● **Data excerpt**
■ ■ ■
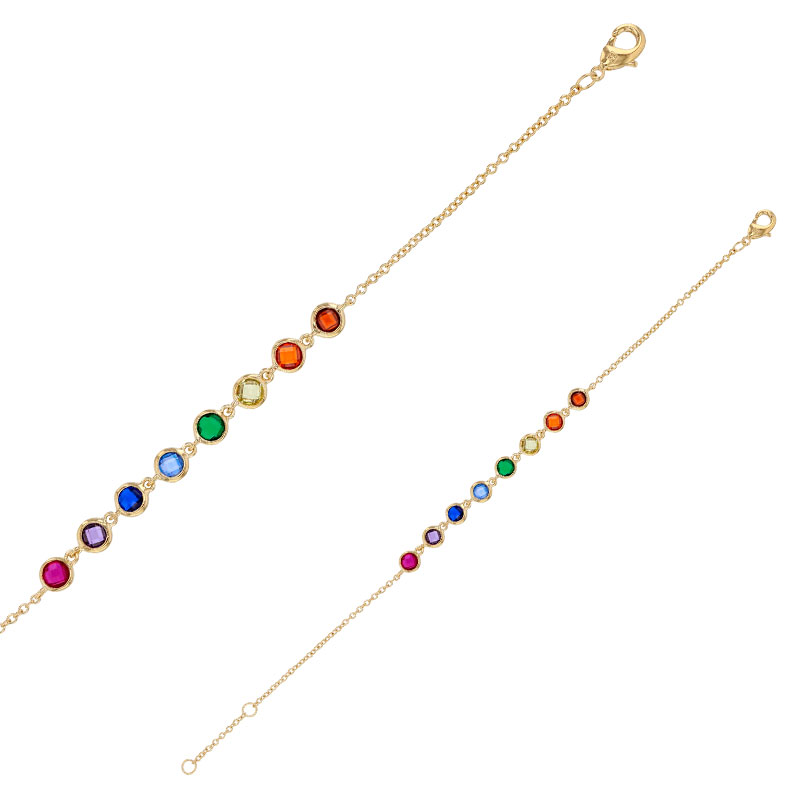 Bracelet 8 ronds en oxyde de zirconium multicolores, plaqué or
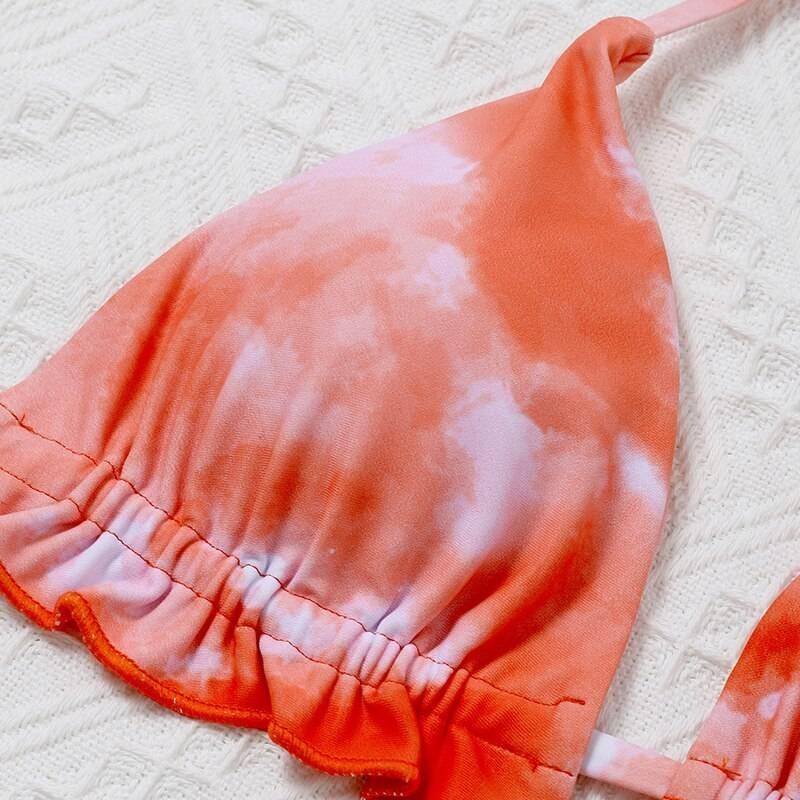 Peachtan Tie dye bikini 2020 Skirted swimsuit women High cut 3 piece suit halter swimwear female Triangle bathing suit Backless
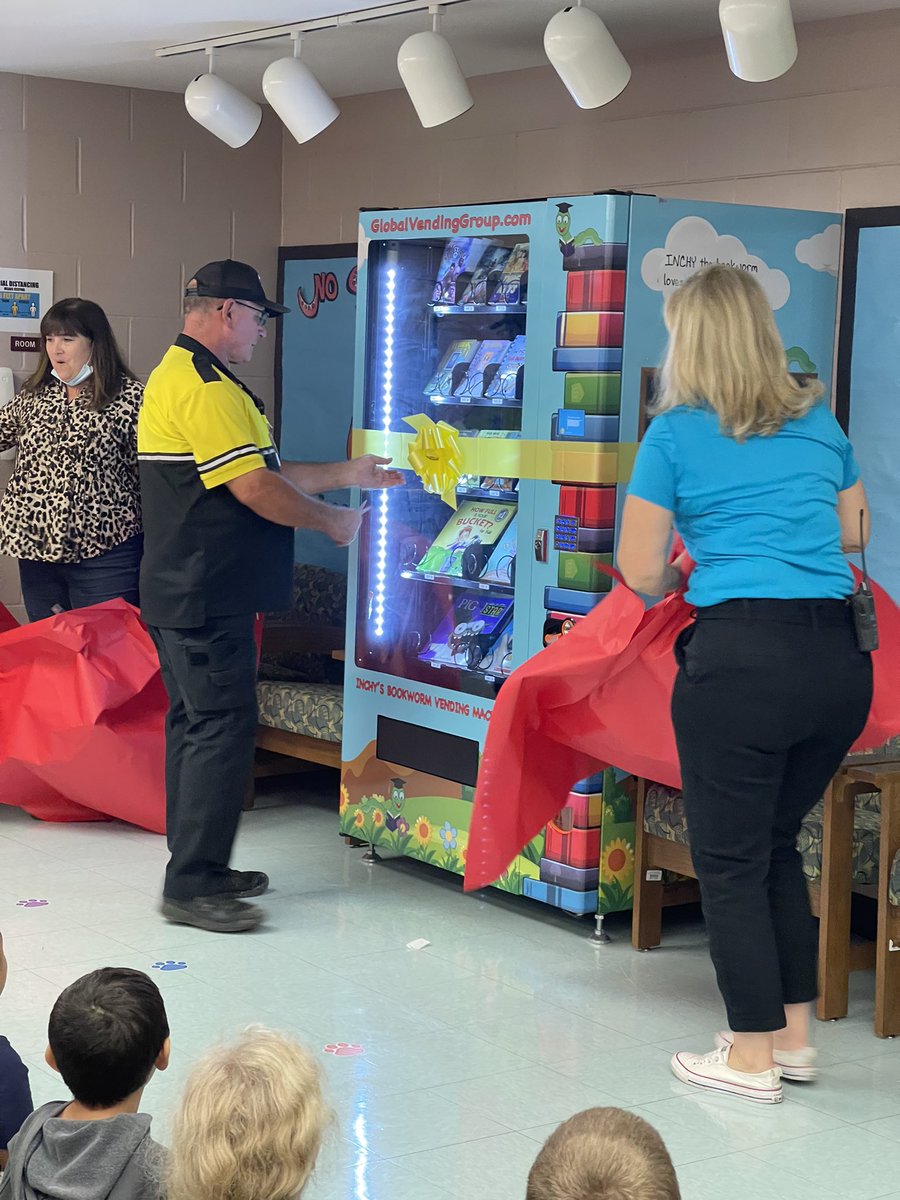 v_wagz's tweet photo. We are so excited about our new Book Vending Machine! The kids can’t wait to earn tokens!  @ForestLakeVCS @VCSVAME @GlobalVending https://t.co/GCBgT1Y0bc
■ ■ ■
● **Work instruction**
Write out the material above exactly. Skip the pictures.

● **Answer for this exercise**
 Bracelet 8 ronds en oxyde de zirconium multicolores, plaqué or
 Peachtan Tie dye bikini 2020 Skirted swimsuit women High cut 3 piece suit halter swimwear female Triangle bathing suit Backless
 v_wagz's tweet photo. We are so excited about our new Book Vending Machine! The kids can’t wait to earn tokens!  @ForestLakeVCS @VCSVAME @GlobalVending https://t.co/GCBgT1Y0bc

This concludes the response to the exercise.